Page:
Inference Architecture
No results
2
Inference Architecture
Claude edited this page 2026-02-19 20:05:22 +00:00
Inference Architecture
How the inference layer fits together across platforms.
Layer Diagram
┌─────────────────────────────────────────────────┐
│ Consumers │
│ go-ai (MCP tools) go-i18n (classification) │
│ LEM Lab (chat UI) BugSETI (code analysis) │
├─────────────────────────────────────────────────┤
│ go-ml (scoring engine, backend adapters) │
│ backend_mlx.go backend_rocm.go backend_http │
├─────────────────────────────────────────────────┤
│ go-inference (shared interfaces) │
│ TextModel Backend Token Message Options │
├──────────────────────┬──────────────────────────┤
│ go-mlx │ go-rocm │
│ darwin/arm64 │ linux/amd64 │
│ Metal CGO (mlx-c) │ llama-server (HIP) │
│ Safetensors │ GGUF │
├──────────────────────┼──────────────────────────┤
│ Apple Metal GPU │ AMD ROCm GPU │
│ M3 Ultra (96GB) │ RX 7800 XT (16GB) │
└──────────────────────┴──────────────────────────┘
Backend Registration
Both GPU backends auto-register via build-tagged init():
// go-mlx/register_metal.go (//go:build darwin && arm64)

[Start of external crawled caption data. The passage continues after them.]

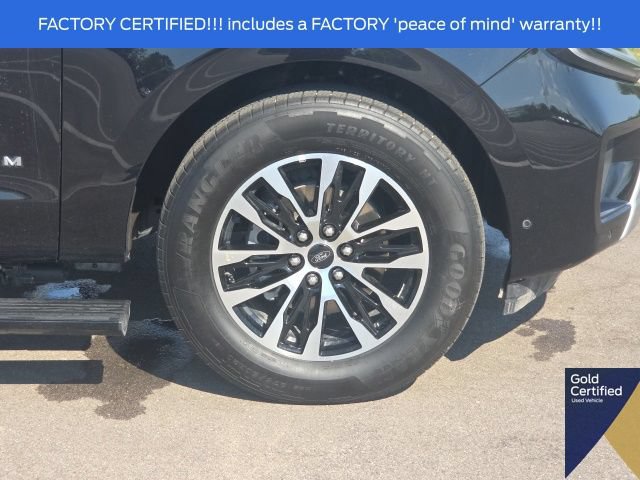 Used 2025 Ford Expedition Platinum AWD/4WD image 6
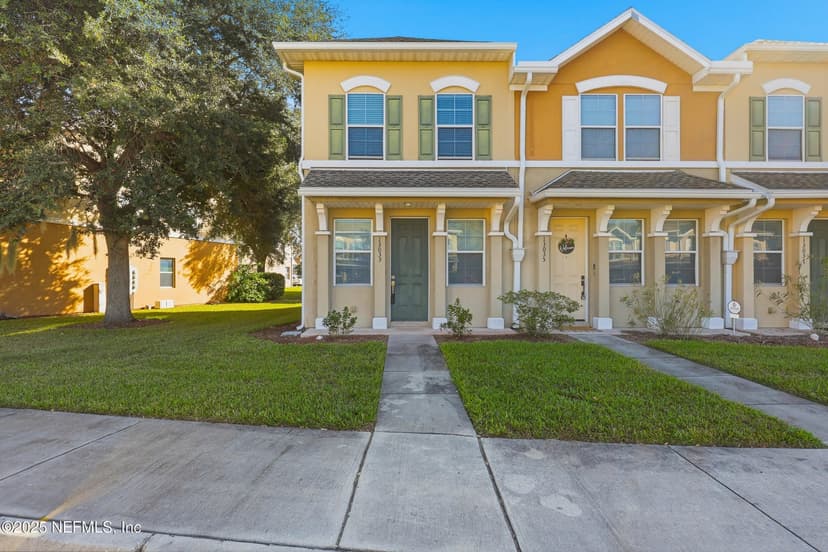 13033 SUNSET LAKE Drive, Jacksonville, FL 32258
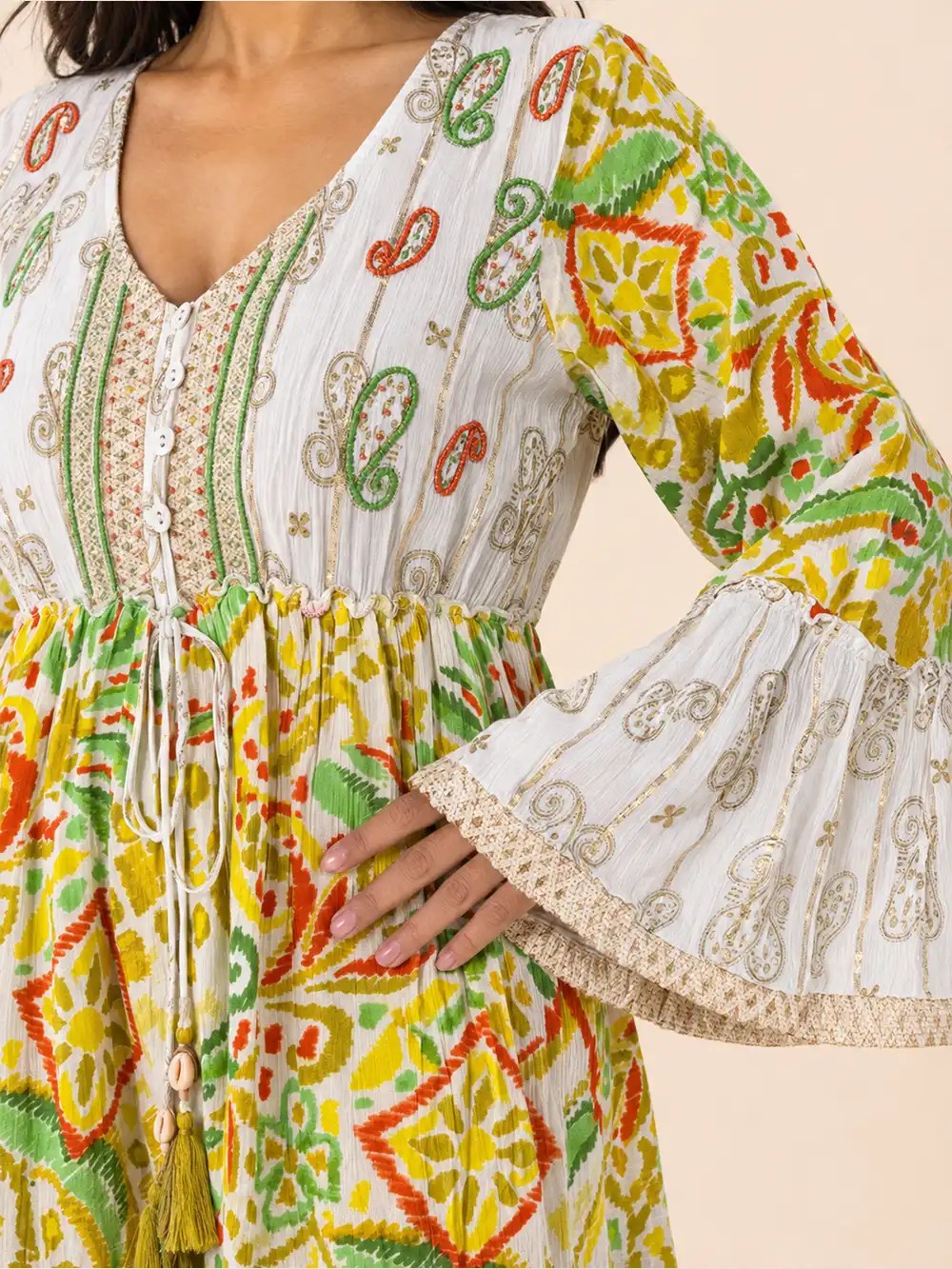 Detalle frontal del vestido blanco con motivos paisley multicolor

func init() { inference.Register(metal.NewBackend()) }
// go-rocm/register_rocm.go (//go:build linux && amd64)
func init() { inference.Register(&rocmBackend{}) }
Consumers import the backend they need (or both — only the platform-appropriate one activates):
import (
"forge.lthn.ai/core/go-inference"
_ "forge.lthn.ai/core/go-mlx" // Metal on macOS
_ "forge.lthn.ai/core/go-rocm" // ROCm on Linux
)
// Auto-selects the available backend
m, err := inference.LoadModel("/path/to/model/")
TextModel Interface
type TextModel interface {
Generate(ctx context.Context, prompt string, opts ...GenerateOption) iter.Seq[Token]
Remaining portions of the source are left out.